Enfin, pour clore cette série de fêtes par une cérémonie religieuse, on exposa, le dimanche 15 octobre, à la dévotion populaire, le saint suaire, religieusement gardé dans la chapelle de la cour. Depuis le 31 mai 1750, jour du mariage du roi Victor-Amédée, cette précieuse relique n'avait pas été montrée au peuple. Le cardinal des Lances, ancien archevêque de Turin, avait quitté sa résidence de Rome pour venir remplir les fonctions usitées dans cette circonstance, où se déploie une pompe particulière. Tous les princes, grands-croix de l'ordre des Saints Maurice et Lazare, suivaient la châsse, vêtus de leur habit de cérémonie, ainsi que les chevaliers de l'ordre de l'Annonciade, les grands officiers de la couronne et les ministres d'État. La Reine, les princesses et toutes les personnes de leur cour portaient des cierges. On avait, sur les places et dans quelques larges rues par où devait passer la procession, dressé des amphithéâtres dans l'intérêt des fidèles, attirés de toutes les provinces par l'exposition de cette relique vénérée.
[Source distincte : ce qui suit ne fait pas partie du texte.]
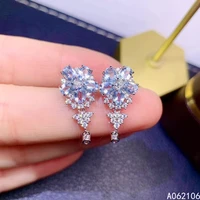 fine jewelry 925 pure silver chinese style natural aquamarine girl luxury popular flower gem earrings ear stud support detection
On me pardonnera si mon récit s'est attardé au milieu de ces détails. L'historien qui raconte les derniers beaux jours de la royauté française voudrait arrêter ce soleil sans pareil (nec pluribus impar) que Louis XIV aux jours de sa grandeur avait pris pour emblème de sa maison, afin de l'empêcher de se coucher dans cet amas de sombres nuages assemblés à l'horizon, et au milieu desquels il va disparaître.

Dans les derniers mois de 1775, quelques changements eurent lieu dans le personnel qui environnait d'ordinaire les princesses. La marquise de Causans fut nommée dame pour accompagner Madame Élisabeth; la maréchale de Mouchy ayant obtenu de la Reine la permission de se démettre de la place de sa dame d'honneur, Sa Majesté en pourvut madame la princesse de Chimay, sa dame d'atour, et nomma à la place de dame d'atour la marquise de Mailly, une de ses dames; et l'abbé Brocquevielle, missionnaire, nommé avec l'agrément du Roi pour remplacer l'abbé Allard dans la cure paroissiale de Notre-Dame, eut l'honneur d'être présenté à Sa Majesté et à la famille royale par le Père Jacquier, supérieur général de la congrégation de la Mission.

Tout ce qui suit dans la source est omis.